Work request:
Whenever a picture appears in the records, exclude it, and transcribe everything else exactly.

=== Section Start ===

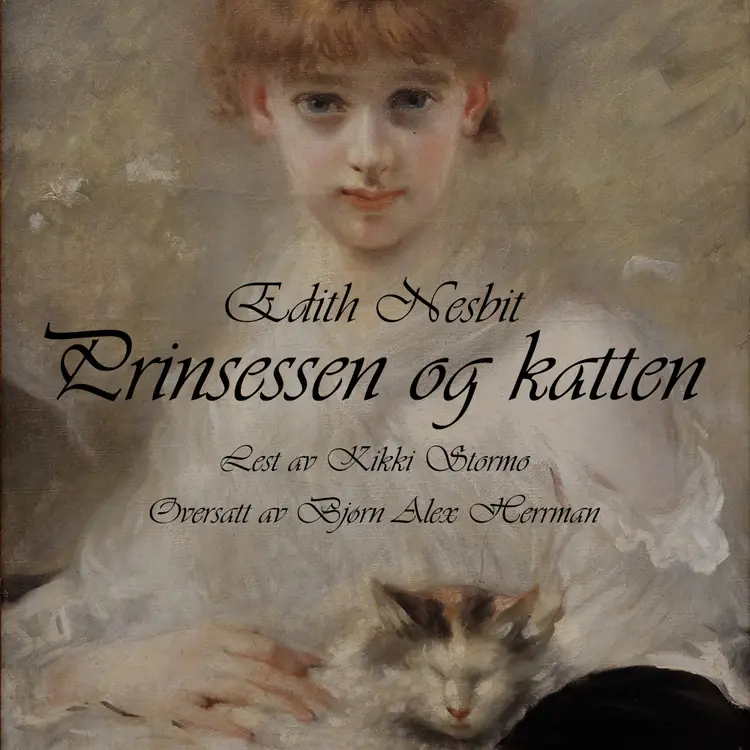 Omslag Prinsessen og katten av Edith Nesbit (Lydbok)
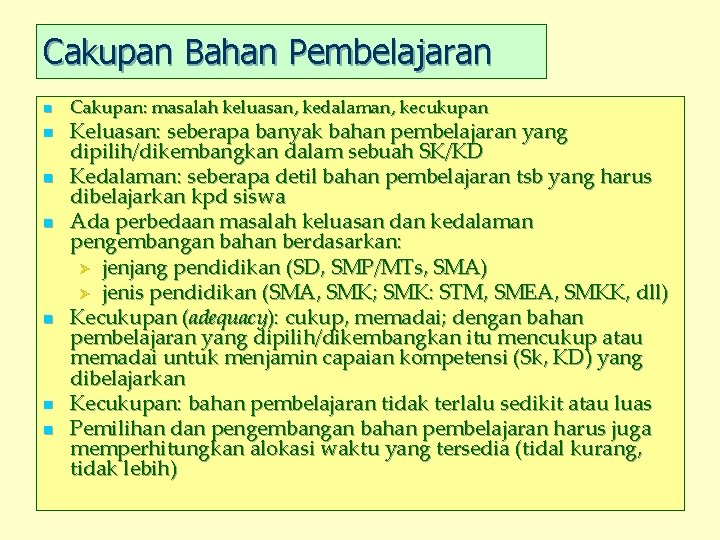 Cakupan Bahan Pembelajaran n n n Cakupan: masalah keluasan, kedalaman, kecukupan Keluasan: seberapa banyak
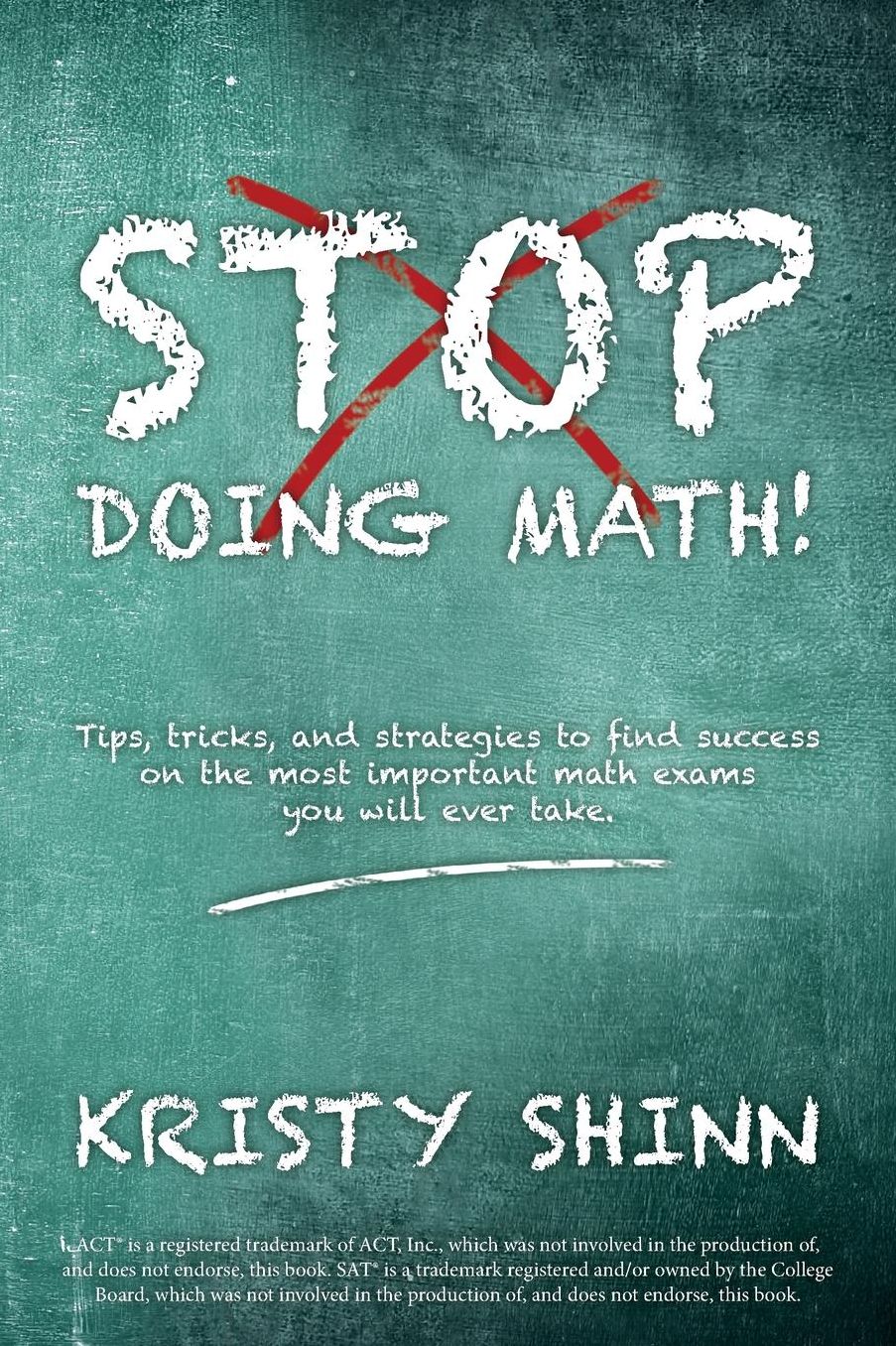 Stop Doing Math!: Tips, tricks, and strategies to find success on the most important math exams you will ever take.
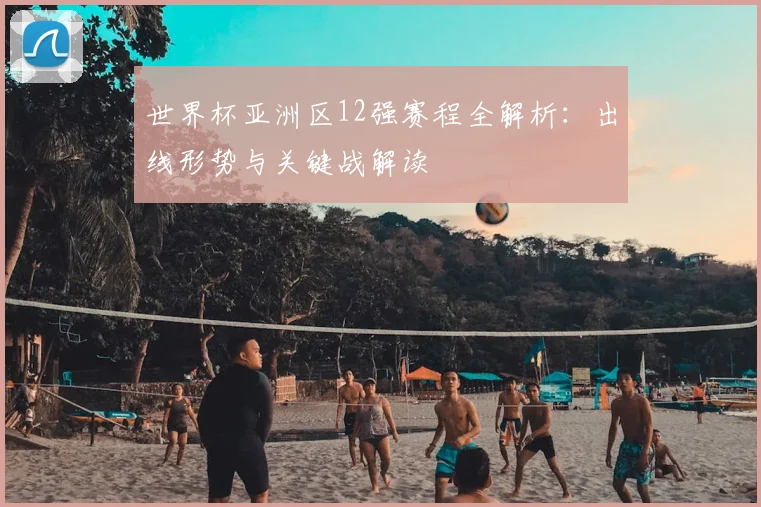 世界杯亚洲区12强赛程全解析：出线形势与关键战解读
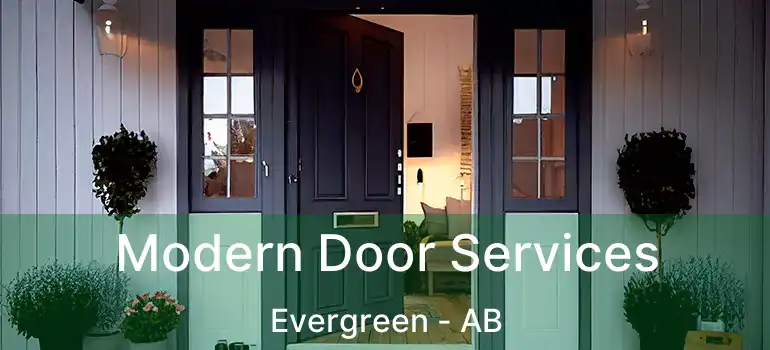  Modern Door Services Evergreen - AB
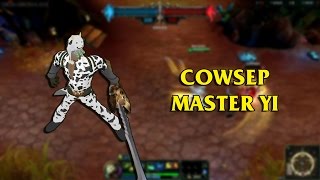 Cowsep Master Yi LoL Custom Skin ShowCase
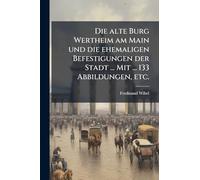 Die alte Burg Wertheim am Main und die ehemaligen Befestigungen der Stadt ... Mit ... 133 Abbildungen, etc.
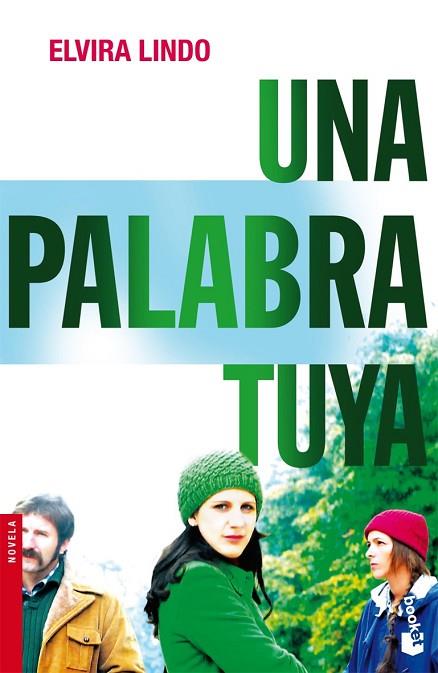 PALABRA TUYA, UNA | 9788432250194 | LINDO, ELVIRA | Llibreria Drac - Llibreria d'Olot | Comprar llibres en català i castellà online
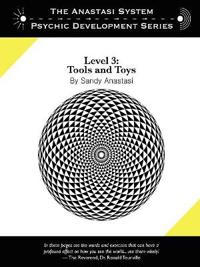 The Anastasi System - Psychic Development Level 3: Tools and Toys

=== Section End ===

Exercise solution:
 Omslag Prinsessen og katten av Edith Nesbit (Lydbok)
 Cakupan Bahan Pembelajaran n n n Cakupan: masalah keluasan, kedalaman, kecukupan Keluasan: seberapa banyak
 Stop Doing Math!: Tips, tricks, and strategies to find success on the most important math exams you will ever take.
 世界杯亚洲区12强赛程全解析：出线形势与关键战解读
  Modern Door Services Evergreen - AB
 Cowsep Master Yi LoL Custom Skin ShowCase
 Die alte Burg Wertheim am Main und die ehemaligen Befestigungen der Stadt ... Mit ... 133 Abbildungen, etc.
 PALABRA TUYA, UNA | 9788432250194 | LINDO, ELVIRA | Llibreria Drac - Llibreria d'Olot | Comprar llibres en català i castellà online
 The Anastasi System - Psychic Development Level 3: Tools and Toys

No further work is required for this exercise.